The Zero Resource speech challenge addresses an ambitious fundamental scientific question for Artificial Intelligence: how can a system autonomously acquire language? While it is solved, it can help with three practical applications:
Systems constructed with zero expert resources could provide services for millions of users of ‘low-resource’ languages (keyword search, document classification, etc.)
Zero resource technologies could help the language documentation effort for the growing number of disappearing languages (tools for automatically discovering/annotating linguistic units).
Zero Resource Speech technologies provide predictive models of language developpment in a normal or abnormal setting (dyslexia, autism, etc).
The Zero Resource Challenge series is constructed to progress incrementally towards this goal, by proposing achievable but progressively harder objectives, building and open sourcing the core technological components that are needed for an autonomous SD system along the way (see Figure 1).
Weakly/Un-supervised learning is tricky to evaluate. We use two kinds of evaluations: (1). Unit testing: Each core component is evaluated by a specific set of metrics, inspired by psychometrics and linguistics. These tests do not guarantee that an entire system will work well, but they are useful to debug and understand the systems. (2). Application testing: as the challenge aggregate more components, useful applications will be possible to construct (e.g. Task 1b is low bitrate speech resynthesis), making it possible to use more standard evaluation techniques.

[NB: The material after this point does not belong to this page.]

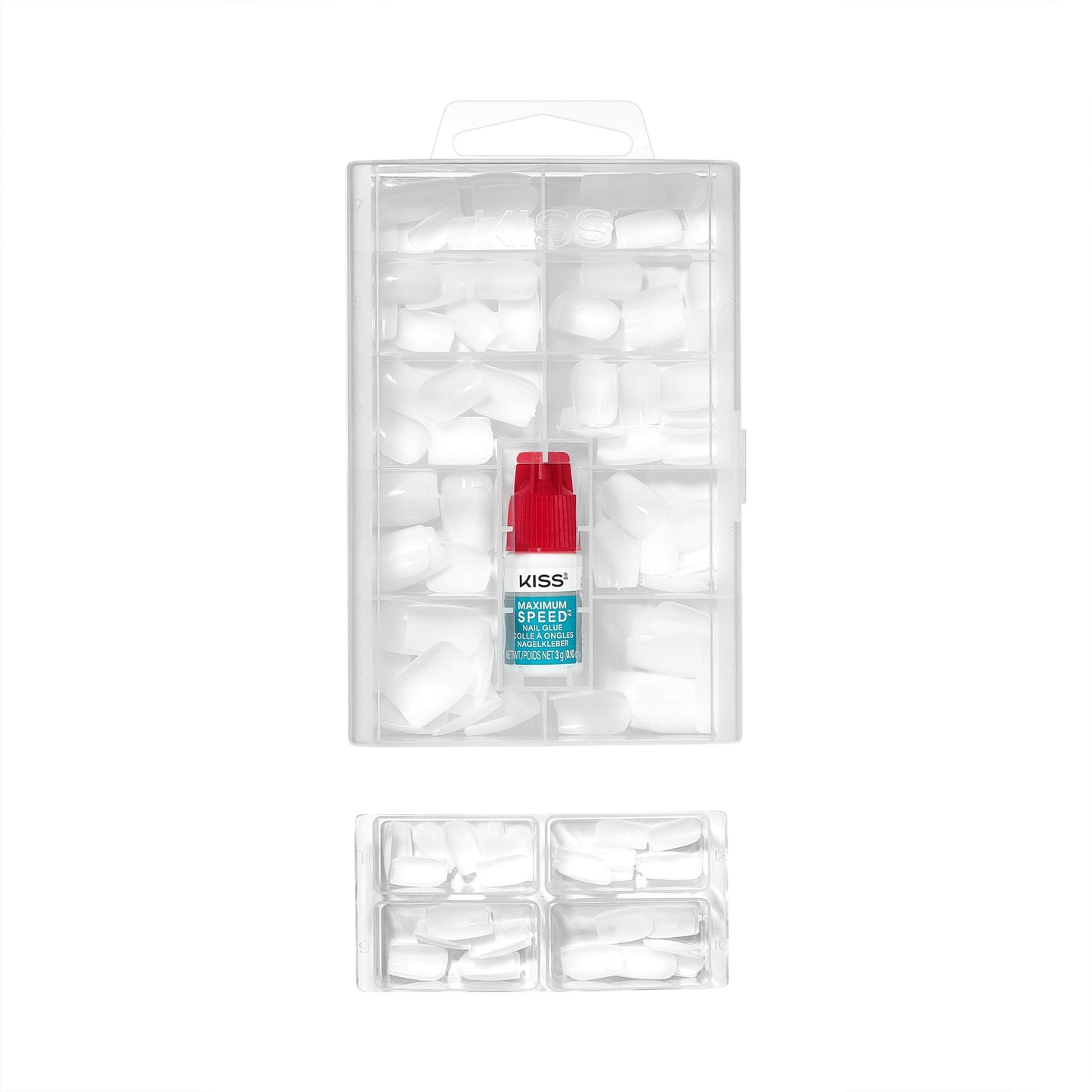Kiss PROFESSIONAL, Press On Nails, Nail glue included, 'Ordinary Life', White, Short Size, Square Shape, Includes 140 Nails, 3g Glue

The Zero Resource Challenge 2015 is presented here:
Versteegh, M., Thiollière, R., Schatz, T., Cao, X.N., Anguera, X., Jansen, A. & Dupoux, E. (2015). The Zero Resource Speech Challenge 2015. In INTERSPEECH-2015, pp. 3169-3173
and the results are discussed here:
Versteegh, M., Anguera, X., Jansen, A. & Dupoux, E. (2016). The Zero Resource Speech Challenge 2015: Proposed Approaches and Results. In SLTU-2016 Procedia Computer Science, 81, pp. 67-72
The Zero Resource Challenge 2017 is presented and discussed here:
Dunbar, E., Xuan-Nga, C., Benjumea, J., Karadayi, J., Bernard, M., Besacier, L., Anguera, X. & Dupoux, E. (2017). The Zero Resource Speech Challenge 2017. In ASRU-2017, pp. 323-330
The Zero Resource Challenge 2019 is presented and discussed here:
Dunbar, E., Algayres, R., Karadayi, J., Bernard, M., Benjumea, J., Cao, X.-N., Miskic, L., Dugrain, C., Ondel, L., Black, A. W., Besacier, L., Sakti, S., Dupoux, E. (2019). The Zero Resource Speech Challenge 2019: TTS without T. In INTERSPEECH-2019.
The Zero Resource Challenge 2020 is presented and discussed here:
Dunbar, E., Karadayi, J., Bernard, M., Cao, X.-N., Algayres, R., Ondel, L., Besacier, L., Sakti, S., Dupoux, E. (2019). The Zero Resource Speech Challenge 2020: Discovering discrete subword and word units. In INTERSPEECH-2020.
“Zero resource” refers to zero linguistic expertise (e.g., orthographic/linguistic transcriptions), not zero information besides audio (visual, limited human feedback, etc).